To support your own type of Header you must provide an implicit ParseableHeader[Header]. For instance if you have a fix set of headers represented as enumeratum enum values, you can provide an instance of ParseableHeader as follows:

import enumeratum._
import cats.implicits._
import cats.data.NonEmptyList

sealed trait MyHeaders extends EnumEntry
object MyHeaders extends Enum[MyHeaders] {
  case object I extends MyHeaders
  case object S extends MyHeaders
  case object J extends MyHeaders
  def values = findValues
}

implicit object ParseableMyHeaders extends ParseableHeader[MyHeaders] {
  def apply(names: NonEmptyList[String]): HeaderResult[MyHeaders] =
    names.traverse { name =>
      MyHeaders.withNameInsensitiveOption(name) match {
        case Some(headers) => Right(headers)
        case None          => Left(new HeaderError(s"Unknown header $name"))
      }
    }
}

val withMyHeaders = stream.through(headers[IO, MyHeaders])
// withMyHeaders: Stream[IO[x], CsvRow[MyHeaders]] = Stream(..)
withMyHeaders.map(_.toMap).compile.toList.unsafeRunSync()
// res5: List[Map[MyHeaders, String]] = List(
//   Map(I -> "1", S -> "test", J -> "2"),
//   Map(I -> "", S -> "other", J -> "-3")
// )

If the parse method fails for a header, the entire stream fails.

Writing CSV

There are also pipes for encoding rows to CSV, with or without headers. Simple example without headers:

val testRows = Stream(Row(NonEmptyList.of("3", "", "test")))
// testRows: Stream[Nothing, Row] = Stream(..)
testRows
  .through(writeWithoutHeaders)
  .through(toRowStrings(/* separator: Char = ',', newline: String = "\n"*/))
  .compile
  .toList
// res6: cats.package.Id[List[String]] = List(
//   """3,,test
// """
// )

If you want to write headers, use writeWithHeaders or, in case you use CsvRow, encodeRowWithFirstHeaders. For writing non-String headers, you’ll need to provide an instance of WritableHeader, a type class analog to ParseableHeader.

Decoders and Encoders

The library also provides decoder and encoder type classes, which allow for decoding CSV rows into arbitrary data types through the decode and decodeRow pipes and encoding data to CSV via encode and encodeRow. There are several kinds:

CellDecoder & CellEncoder

The library provides decoders and encoders for most of the Scala common types:

If you wish to support custom field types, you need to implement your own CellDecoder. To that end, you can use the convenience methods like map or emap defined on the CellDecoder trait.

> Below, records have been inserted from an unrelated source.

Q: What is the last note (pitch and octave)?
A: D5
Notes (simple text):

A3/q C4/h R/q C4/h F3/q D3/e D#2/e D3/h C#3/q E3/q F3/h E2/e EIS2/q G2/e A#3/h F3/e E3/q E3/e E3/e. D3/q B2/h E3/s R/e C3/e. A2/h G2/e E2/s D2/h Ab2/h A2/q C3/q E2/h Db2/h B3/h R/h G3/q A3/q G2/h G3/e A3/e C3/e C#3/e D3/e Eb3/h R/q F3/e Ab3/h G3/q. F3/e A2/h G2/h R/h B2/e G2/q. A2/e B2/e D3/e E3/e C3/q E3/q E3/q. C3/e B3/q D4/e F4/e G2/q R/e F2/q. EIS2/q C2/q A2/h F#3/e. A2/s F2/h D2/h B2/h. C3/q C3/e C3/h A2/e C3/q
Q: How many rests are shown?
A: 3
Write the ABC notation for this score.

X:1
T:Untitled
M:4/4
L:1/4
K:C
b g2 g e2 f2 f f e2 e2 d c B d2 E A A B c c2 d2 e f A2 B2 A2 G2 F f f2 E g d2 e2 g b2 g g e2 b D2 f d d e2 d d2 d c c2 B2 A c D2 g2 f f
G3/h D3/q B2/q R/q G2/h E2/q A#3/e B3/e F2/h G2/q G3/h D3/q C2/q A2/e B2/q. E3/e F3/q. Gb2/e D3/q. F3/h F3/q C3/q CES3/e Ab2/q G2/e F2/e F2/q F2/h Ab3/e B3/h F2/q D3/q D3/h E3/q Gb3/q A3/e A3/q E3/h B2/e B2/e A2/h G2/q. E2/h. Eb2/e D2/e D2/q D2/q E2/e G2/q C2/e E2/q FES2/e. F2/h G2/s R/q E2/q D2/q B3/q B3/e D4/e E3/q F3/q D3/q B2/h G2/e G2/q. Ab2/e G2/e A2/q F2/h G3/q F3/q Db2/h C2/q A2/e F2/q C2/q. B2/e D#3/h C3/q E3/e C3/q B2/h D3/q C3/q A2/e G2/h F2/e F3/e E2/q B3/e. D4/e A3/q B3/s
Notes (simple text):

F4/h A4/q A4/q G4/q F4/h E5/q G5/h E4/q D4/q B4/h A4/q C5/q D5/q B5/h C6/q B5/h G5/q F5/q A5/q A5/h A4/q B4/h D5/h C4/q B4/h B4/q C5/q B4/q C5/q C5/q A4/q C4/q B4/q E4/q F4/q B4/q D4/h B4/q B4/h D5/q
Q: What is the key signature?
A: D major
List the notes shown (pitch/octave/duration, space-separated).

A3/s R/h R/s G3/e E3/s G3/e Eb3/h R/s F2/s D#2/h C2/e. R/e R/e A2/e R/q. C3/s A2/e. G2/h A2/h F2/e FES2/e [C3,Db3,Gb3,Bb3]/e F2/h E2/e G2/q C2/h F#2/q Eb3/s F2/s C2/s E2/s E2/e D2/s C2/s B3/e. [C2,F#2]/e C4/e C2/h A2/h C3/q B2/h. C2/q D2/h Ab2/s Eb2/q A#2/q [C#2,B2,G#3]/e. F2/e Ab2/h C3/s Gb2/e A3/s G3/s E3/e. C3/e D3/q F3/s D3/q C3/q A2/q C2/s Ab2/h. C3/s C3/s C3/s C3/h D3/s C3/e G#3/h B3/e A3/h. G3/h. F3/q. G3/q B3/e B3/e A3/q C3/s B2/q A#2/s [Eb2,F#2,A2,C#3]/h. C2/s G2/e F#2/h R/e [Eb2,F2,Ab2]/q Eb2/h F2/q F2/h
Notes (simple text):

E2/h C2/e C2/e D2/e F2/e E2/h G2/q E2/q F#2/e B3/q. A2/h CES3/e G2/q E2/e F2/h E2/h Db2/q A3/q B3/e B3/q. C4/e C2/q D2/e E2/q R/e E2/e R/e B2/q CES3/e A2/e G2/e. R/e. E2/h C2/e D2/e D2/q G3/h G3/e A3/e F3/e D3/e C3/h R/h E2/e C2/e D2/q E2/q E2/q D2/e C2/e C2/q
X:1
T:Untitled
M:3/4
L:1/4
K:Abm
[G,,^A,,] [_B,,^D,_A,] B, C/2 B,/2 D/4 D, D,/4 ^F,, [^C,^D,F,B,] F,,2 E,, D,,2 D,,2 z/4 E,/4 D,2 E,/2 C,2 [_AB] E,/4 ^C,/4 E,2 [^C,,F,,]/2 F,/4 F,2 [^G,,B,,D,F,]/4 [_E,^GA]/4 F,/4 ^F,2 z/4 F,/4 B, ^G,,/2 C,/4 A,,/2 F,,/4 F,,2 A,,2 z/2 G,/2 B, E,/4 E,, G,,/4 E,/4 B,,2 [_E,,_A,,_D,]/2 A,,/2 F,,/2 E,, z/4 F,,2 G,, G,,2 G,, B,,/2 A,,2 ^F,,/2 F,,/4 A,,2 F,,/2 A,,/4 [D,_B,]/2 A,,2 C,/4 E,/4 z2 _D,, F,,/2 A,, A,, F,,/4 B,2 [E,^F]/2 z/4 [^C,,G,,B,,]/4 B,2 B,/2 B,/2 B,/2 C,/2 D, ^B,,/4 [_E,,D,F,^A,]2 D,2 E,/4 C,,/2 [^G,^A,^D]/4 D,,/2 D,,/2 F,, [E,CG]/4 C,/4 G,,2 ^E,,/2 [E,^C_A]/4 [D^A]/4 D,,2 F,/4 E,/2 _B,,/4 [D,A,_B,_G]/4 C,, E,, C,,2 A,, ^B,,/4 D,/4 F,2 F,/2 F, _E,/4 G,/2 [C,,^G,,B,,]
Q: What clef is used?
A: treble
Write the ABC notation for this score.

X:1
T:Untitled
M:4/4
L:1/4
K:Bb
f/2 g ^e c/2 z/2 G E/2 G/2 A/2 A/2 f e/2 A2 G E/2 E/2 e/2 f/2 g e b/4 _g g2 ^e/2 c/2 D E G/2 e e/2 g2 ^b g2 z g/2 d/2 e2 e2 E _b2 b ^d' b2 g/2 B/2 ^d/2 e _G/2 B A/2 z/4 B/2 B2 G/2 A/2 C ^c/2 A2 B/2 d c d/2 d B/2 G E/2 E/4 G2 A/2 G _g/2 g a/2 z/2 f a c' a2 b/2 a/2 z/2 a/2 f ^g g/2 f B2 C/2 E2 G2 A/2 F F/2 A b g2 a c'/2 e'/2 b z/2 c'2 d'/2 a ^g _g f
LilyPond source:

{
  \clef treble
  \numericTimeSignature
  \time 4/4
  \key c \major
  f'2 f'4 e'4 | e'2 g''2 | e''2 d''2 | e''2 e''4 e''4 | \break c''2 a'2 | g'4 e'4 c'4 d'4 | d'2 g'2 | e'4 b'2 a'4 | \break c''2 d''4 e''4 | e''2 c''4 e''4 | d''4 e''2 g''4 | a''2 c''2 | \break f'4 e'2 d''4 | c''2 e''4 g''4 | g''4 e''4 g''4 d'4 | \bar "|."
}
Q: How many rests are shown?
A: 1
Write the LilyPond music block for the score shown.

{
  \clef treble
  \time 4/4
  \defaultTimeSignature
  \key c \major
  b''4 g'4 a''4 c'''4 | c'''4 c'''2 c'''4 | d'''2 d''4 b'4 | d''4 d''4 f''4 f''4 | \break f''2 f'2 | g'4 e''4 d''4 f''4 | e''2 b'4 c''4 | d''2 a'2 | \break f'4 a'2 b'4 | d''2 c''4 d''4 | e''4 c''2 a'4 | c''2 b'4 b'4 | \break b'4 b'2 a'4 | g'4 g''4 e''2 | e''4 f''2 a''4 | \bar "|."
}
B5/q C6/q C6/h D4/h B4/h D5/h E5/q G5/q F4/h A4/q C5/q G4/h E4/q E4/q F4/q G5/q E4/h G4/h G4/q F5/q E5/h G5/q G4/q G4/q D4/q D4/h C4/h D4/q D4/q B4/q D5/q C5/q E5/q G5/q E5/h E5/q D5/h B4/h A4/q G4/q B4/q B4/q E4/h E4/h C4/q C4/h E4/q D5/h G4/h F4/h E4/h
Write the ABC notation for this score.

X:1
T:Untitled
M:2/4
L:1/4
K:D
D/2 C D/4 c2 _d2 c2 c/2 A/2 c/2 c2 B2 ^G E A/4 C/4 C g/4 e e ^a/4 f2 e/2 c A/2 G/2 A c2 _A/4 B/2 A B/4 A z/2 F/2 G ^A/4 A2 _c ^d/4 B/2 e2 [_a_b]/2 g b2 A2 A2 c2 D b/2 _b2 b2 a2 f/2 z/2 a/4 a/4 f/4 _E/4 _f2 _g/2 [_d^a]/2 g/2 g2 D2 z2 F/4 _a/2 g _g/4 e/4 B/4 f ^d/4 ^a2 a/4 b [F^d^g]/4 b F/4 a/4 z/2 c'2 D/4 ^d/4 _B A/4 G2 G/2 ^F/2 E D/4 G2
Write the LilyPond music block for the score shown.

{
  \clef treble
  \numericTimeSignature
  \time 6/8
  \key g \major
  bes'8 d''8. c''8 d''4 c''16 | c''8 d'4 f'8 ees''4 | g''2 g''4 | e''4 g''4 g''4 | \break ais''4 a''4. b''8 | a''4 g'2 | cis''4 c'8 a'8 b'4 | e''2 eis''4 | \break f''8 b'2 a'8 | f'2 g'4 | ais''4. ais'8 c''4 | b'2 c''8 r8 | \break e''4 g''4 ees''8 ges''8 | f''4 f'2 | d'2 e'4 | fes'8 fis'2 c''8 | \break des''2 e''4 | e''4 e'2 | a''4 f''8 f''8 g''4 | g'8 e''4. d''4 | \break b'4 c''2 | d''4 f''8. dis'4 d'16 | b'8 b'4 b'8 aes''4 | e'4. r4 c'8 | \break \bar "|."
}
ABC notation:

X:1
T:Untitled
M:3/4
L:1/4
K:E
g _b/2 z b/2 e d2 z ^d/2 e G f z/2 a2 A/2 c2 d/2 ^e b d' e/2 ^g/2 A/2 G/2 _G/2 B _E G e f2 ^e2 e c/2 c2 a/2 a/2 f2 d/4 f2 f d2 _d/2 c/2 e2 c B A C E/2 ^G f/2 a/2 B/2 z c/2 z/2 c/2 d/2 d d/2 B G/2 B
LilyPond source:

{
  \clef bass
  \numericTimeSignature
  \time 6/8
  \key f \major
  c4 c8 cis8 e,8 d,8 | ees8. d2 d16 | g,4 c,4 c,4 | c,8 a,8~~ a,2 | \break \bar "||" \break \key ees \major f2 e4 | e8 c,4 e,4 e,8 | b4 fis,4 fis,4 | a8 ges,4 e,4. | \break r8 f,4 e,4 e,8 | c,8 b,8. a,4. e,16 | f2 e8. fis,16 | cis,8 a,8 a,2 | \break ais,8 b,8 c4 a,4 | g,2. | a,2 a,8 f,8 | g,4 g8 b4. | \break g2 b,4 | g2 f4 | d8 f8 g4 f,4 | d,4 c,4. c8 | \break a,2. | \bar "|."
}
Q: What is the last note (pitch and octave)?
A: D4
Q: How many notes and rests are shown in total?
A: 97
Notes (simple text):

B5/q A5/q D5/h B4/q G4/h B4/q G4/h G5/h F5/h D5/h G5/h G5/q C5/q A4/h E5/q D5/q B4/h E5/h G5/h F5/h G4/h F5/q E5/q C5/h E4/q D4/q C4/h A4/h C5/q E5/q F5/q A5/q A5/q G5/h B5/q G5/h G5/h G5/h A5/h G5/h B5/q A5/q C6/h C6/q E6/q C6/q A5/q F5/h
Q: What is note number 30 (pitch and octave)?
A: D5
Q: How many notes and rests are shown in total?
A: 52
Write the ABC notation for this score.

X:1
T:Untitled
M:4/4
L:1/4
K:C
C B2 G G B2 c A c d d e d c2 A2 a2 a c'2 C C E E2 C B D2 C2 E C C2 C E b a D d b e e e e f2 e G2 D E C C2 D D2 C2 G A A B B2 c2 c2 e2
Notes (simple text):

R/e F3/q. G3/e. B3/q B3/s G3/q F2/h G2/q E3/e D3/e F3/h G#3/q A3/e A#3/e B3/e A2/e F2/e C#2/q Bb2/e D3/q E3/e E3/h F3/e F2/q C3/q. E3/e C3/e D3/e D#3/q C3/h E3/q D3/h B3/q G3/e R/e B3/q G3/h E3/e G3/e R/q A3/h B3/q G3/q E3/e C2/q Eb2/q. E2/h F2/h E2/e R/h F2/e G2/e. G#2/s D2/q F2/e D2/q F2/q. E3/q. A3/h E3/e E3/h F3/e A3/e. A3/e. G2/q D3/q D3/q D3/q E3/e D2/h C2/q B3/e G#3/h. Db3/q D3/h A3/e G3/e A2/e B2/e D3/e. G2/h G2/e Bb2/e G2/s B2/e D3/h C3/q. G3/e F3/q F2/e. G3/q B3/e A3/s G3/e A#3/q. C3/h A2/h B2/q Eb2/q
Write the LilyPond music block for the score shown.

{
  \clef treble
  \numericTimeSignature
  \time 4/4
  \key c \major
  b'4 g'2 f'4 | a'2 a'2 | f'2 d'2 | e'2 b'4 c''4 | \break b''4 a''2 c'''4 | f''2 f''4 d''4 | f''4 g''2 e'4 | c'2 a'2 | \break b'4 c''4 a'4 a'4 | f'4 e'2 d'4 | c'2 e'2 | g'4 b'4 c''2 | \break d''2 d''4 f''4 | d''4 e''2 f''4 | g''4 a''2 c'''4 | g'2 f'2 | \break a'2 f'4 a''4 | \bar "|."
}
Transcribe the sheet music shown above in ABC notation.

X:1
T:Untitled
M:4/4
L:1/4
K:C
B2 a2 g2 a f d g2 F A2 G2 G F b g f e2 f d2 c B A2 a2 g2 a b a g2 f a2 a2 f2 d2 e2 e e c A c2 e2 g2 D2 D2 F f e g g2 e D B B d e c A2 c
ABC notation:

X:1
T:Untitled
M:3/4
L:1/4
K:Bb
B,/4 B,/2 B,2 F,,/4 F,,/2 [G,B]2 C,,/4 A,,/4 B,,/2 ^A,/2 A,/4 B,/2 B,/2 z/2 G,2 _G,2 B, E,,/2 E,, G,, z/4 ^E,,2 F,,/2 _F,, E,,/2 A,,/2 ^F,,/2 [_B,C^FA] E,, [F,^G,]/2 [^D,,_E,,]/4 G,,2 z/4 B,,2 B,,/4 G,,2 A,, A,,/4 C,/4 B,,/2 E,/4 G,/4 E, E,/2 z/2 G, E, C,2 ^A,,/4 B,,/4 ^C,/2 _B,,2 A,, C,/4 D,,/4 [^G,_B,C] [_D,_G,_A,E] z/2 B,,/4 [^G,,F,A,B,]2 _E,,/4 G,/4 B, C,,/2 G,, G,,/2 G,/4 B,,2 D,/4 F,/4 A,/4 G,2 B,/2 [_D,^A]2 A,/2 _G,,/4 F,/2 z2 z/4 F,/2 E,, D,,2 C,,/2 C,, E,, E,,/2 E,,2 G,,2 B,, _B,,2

For instance, if you want to be able to parse an integer field into some enum, you can do:

import enumeratum.values._

sealed abstract class State(val value: Int) extends IntEnumEntry
object State extends IntEnum[State] {
  case object On extends State(1)
  case object Off extends State(0)

  def values = findValues

  implicit val decoder: CellDecoder[State] =
    CellDecoder
      .intDecoder
      .emap(withValueOpt(_)
        .liftTo[DecoderResult](new DecoderError("Unknown state")))
}

For CellEncoder, it is even easier to define your own as encoding can’t fail, so basically it’s just a function A => String. The easiest ways to roll your own are using Scala’s single abstract method sugar:

case class Wrapper(content: String)
implicit val wrapperCellEncoder: CellEncoder[Wrapper] = (w: Wrapper) => w.content
// wrapperCellEncoder: CellEncoder[Wrapper] = repl.MdocSession$App$$anonfun$22@3301f26d

or using contramap on an existing encoder:

implicit val wrapperCellEncoder2: CellEncoder[Wrapper] = CellEncoder[String].contramap(_.content)
// wrapperCellEncoder2: CellEncoder[Wrapper] = fs2.data.csv.CellEncoder$$anonfun$contramap$2@3dd75636

RowDecoder & RowEncoder

RowDecoders can be used to decode an entire CSV row based on field positions. For instance if you want to decode the CSV data into shapeless HList:

import shapeless._

implicit object HListDecoder extends RowDecoder[Option[Int] :: String :: Int :: HNil] {
  def apply(cells: NonEmptyList[String]): DecoderResult[Option[Int] :: String :: Int :: HNil] =
    if(cells.size < 3)
      Left(new DecoderError("row is too short"))
    else
      for {
        i <- if(cells.head.isEmpty) Right(None) else CellDecoder[Int].apply(cells.head).map(Some(_))
        s <- CellDecoder[String].apply(cells.tail.head)
        j <- CellDecoder[Int].apply(cells.tail.tail.head)
      } yield i :: s :: j :: HNil
}

// .tail drops the header line
val hlists = noh.tail.through(decode[IO, Option[Int] :: String :: Int :: HNil])
// hlists: Stream[IO[x], Option[Int] :: String :: Int :: HNil] = Stream(..)
hlists.compile.toList.unsafeRunSync()
// res7: List[Option[Int] :: String :: Int :: HNil] = List(
//   Some(1) :: "test" :: 2 :: HNil,
//   None :: "other" :: -3 :: HNil
// )

Again, encoding is easier as it can’t fail:

import shapeless._

implicit object HListEncoder extends RowEncoder[Option[Int] :: String :: Int :: HNil] {
  def apply(input: Option[Int] :: String :: Int :: HNil): NonEmptyList[String] =
    NonEmptyList.of(CellEncoder[Option[Int]].apply(input.head), input.tail.head, input.tail.tail.head.toString)
}

// .tail drops the header line
val row = Stream(Option(3) :: "test" :: 42 :: HNil)
// row: Stream[Nothing, Option[Int] :: String :: Int :: HNil] = Stream(..)
row.through(encode).compile.toList
// res8: cats.package.Id[List[Row]] = List(fs2.data.csv.Row@65370da9)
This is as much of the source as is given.